# Permit on the inshore flats



## Xcapnjoe

Here in my nape of the neck I've been seeing a bunch of juvenile Permit mixed in with the mullet.

Look for a flash abut the size of a license plate, then lead by five feet.

That is all.


----------



## Smackdaddy53

Sweet jetty tuna vato...


----------



## Tom Ilg

No S**t, I've never seen any permit up this far (Sarasota)...good to hear, I'll have to pay more attention to the mullet schools.
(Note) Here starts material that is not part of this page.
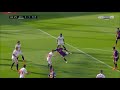 Lionel Messi Volley Goal vs Sevilla 2/23/2019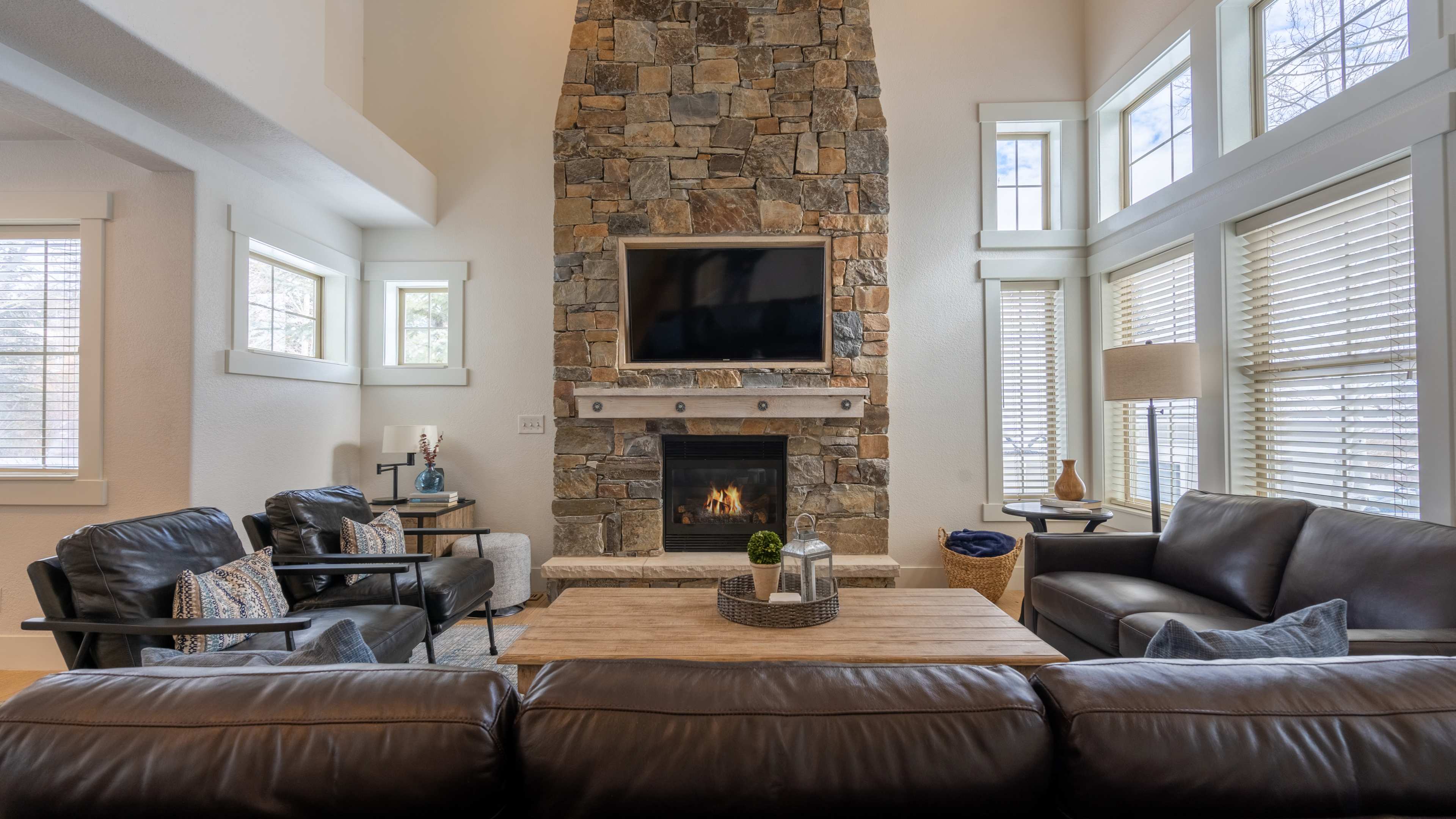 Park City Deer Valley Canyons Resort Home 996613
Thanks for the hot tip!


----------



## BrokenRecord

They've been mixed with the pompano in the surf around Pensacola the past few years


----------



## Michael T

A friend told me he saw a school of about 45 in Pine Island Sound hanging around a crab trap.


----------



## Xcapnjoe

Michael T said:


> A friend told me he saw a school of about 45 in Pine Island Sound hanging around a crab trap.
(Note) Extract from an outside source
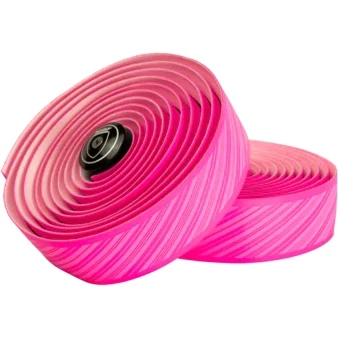 SILCA Nastro Cuscino Handlebar Tape 2.5 - Neon Pink 3 SILCA Nastro Cuscino Handlebar Tape 2.5 - Neon Pink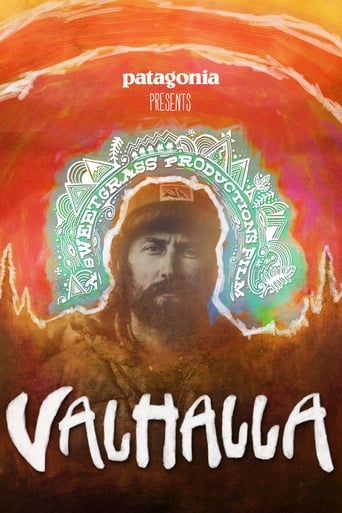 Poster of Valhalla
I used to see them swim through lil gasparilla pass in schools about that large maybe 12 years ago. 
Same time each year. 

I think they use the mullet to spook prey like redfish do, only they're much faster.


----------



## WatermanGB

i have encountered a healthy school of them at the mouth of tampa bay on a sandbar about 3 years ago.


----------



## Xcapnjoe

WatermanGB said:


> i have encountered a healthy school of them at the mouth of tampa bay on a sandbar about 3 years ago.
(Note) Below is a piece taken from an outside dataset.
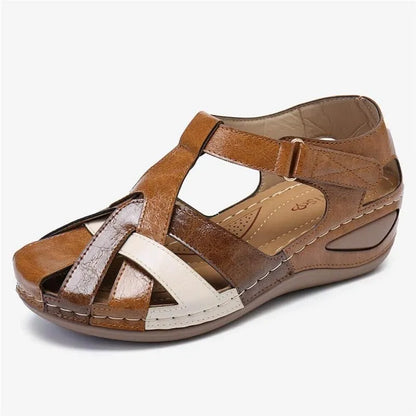 Sandalias Ortopédicas con Plataforma para Mujer – Comodidad y Estilo en Cada Paso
Exactly! They must be drunks.

Always loitering around sand bars...


----------



## Smackdaddy53

Hit that fish whistle enough and everything looks like a permit!


----------



## makin moves

Smackdaddy53 said:


> Hit that fish whistle enough and everything looks like a permit!


That's the only time they seem to bite. To busy to set the hook.


----------



## Xcapnjoe

makin moves said:


> That's the only time they seem to bite. To busy to set the hook.


Did somebody say Fish Whistle?


----------



## Smackdaddy53

Xcapnjoe said:


> Did somebody say Fish Whistle?
> View attachment 170549


Simms sells one


----------



## Jason M

I sight fished this one a few years ago by Bean Point.


----------



## Kirc

1/4 oz Cottee Paddle Tail Grub (Park),....................


----------



## Xcapnjoe

Kirc said:


> 1/4 oz Cottee Paddle Tail Grub (Park),....................
> 
> View attachment 170561


I miss that bait! It was my goto for many years. I missed it so much I made the Joetee grub prototype. It's not perfect but it works!
Nice fish!


----------



## redchaser

Over the past few years they’ve caught a few in one of the bays here in Louisiana.


----------